Currently, I am building these images myself with some slight modifications. I build the following:
base-notebook
minimal-notebook
sci-py notebook
tensorflow notebook

I have been doing some experimenting with a multi-stage Docker build process, copying folders from 1 Docker image into the next. Let’s say I have the tensorflow Docker image built as desired. Is it possible to create a new Docker Image from a base Ubuntu image and copy the entire /opt/conda directory from the tensorflow notebook into this new image? Will it work? The reason I ask is because in experimenting, this saves over 1GB of image space. I understand this doesn’t address some things that I would have to resolve separately in the base-notebook and minimal-notebook builds (e.g. apt install).

Appreciate any thoughts.

1 Like

Take a look at github:joequant/bitquant bitstation to see what I’m doing.

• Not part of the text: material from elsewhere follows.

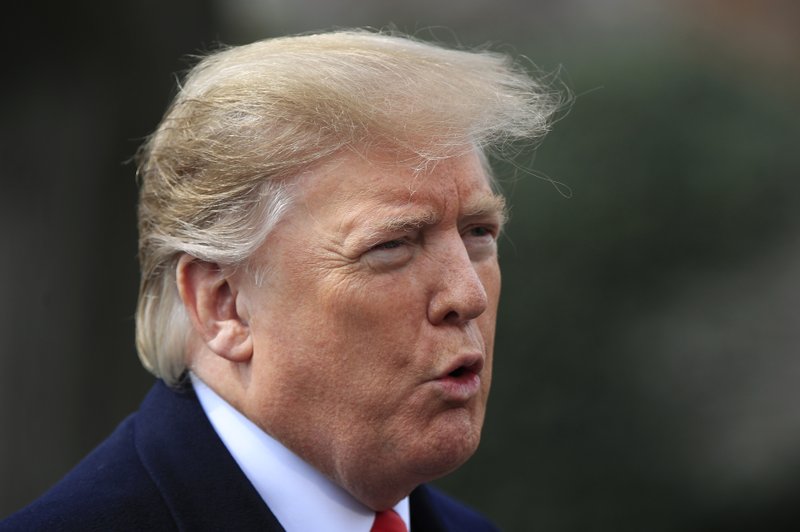 President Donald Trump speaks to reporters before leaving the White House in Washington, Wednesday, March 20, 2019, for a trip to visit a Army tank plant in Lima, Ohio, and a fundraising event in Canton, Ohio. (AP Photo/Manuel Balce Ceneta)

This can work, but there can be a lot of gotchas. The big gotcha is that a lot of times things will depend on file permissions, owners, and timestamps. What I’ve done that works is to build an image, and use docker exec to go into the image and look at the log files when something goes wrong. Also pay attention to error messages.

Once you realize that the broken issues are due to permissions, owners, and timestamps, it becomes possible to track down these issues. Also I use pip instead of conda to install things at the system level, and bypass virtual environments. Conda is useful when you are a user setting up a system in multiuser platform, but when you are creating a docker image, you are the God-Emperor of the container, so you an just put everything at the system level.

Also you might want to look at the buildah toolchain. Buildah runs the container build external to the container, which means that you can pull in system tools.

One final thing is that if you are running a long container build, you might take a look at some “tricks” that I have. For example, I make heavy use of ipyparallel to parallelize the container build and also use a lot of network/compile caching.

1 Like